# VC3.46

Given surface is $\phi (x,y,z)=xyz=4\,$

Let $r=xi+yj+zk\,$ be the position vector of any point P(x,y,z) of the required tangent plane and let $r_{{0}}=i+2j+2k\,$ be the position vector of the given point (1,2,2).

Here $r-r_{{0}}=(xi+yj+zk)-(i+2j+2k)=(x-1)i+(y-2)j+(z-2)k\,$

Now,$\nabla \phi =[i{\frac {\partial }{\partial x}}+j{\frac {\partial }{\partial y}}+k{\frac {\partial }{\partial z}}](xyz)=yzi+zxj+xyk\,$

Therefore,$(\nabla \phi )_{{0}}\,$=value of $\nabla \phi \,$ at point (1,2,2)=4i+2j+2k.
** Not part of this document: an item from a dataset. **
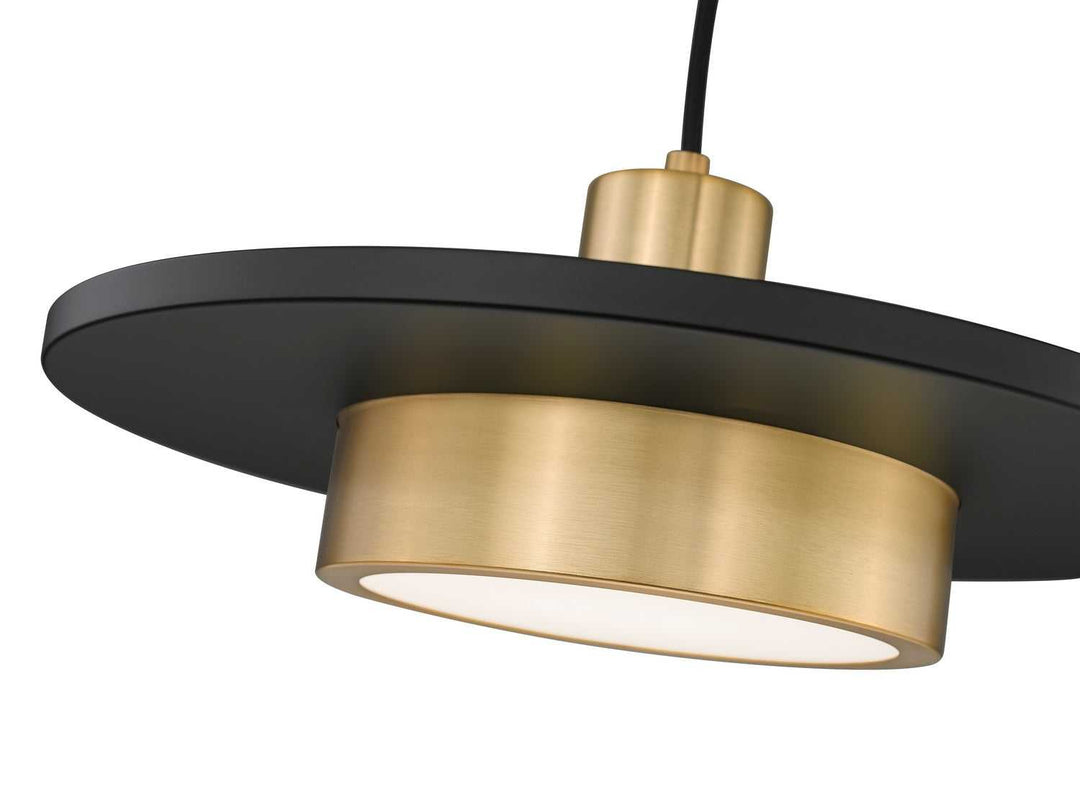 Ludo LED Pendant in Matte Black + Modern Gold Z-Lite Canada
Hence the required equation of the tangent plane is $(r-r_{{0}})\cdot (\nabla \phi )_{{0}}=0\,$

Therefore,$[(x-1)i+(y-2)j+(z-2)k]\cdot (4i+2j+2k)=0\,$

=$4(x-1)+2(y-2)+2(z-2)=0\,$ or 2x+y+z=6\,[/itex]

Again,the required equation of normal is $(r-r_{{0}})\times (\nabla \phi )_{{0}}=0\,$

or $[(x-1)i+(y-2)j+(z-2)k]\times (4i+2j+2k)=0\,$

or ${\begin{vmatrix}i&j&k\\x-1&y-2&z-2\\4&2&2\end{vmatrix}}=0\,$

or $[2(y-2)-2(z-2)]i-[2(x-1)-4(z-2)]j+[2(x-1)-4(y-2)]k=0\,$

which holds if the coefficients of i,j,k vanish simultaneously.

Therefore, $2(y-2)-2(z-2)=0,{\frac {y-2}{1}}={\frac {z-2}{1}}\,$

$2(x-1)-4(z-2)=0,{\frac {x-1}{2}}={\frac {z-2}{1}}\,$

$2(x-1)-4(y-2)=0,{\frac {x-1}{2}}={\frac {y-2}{1}}\,$

Hence from the above,the equations of the normal in cartesian form is

${\frac {x-1}{2}}={\frac {y-2}{1}}={\frac {z-2}{1}}\,$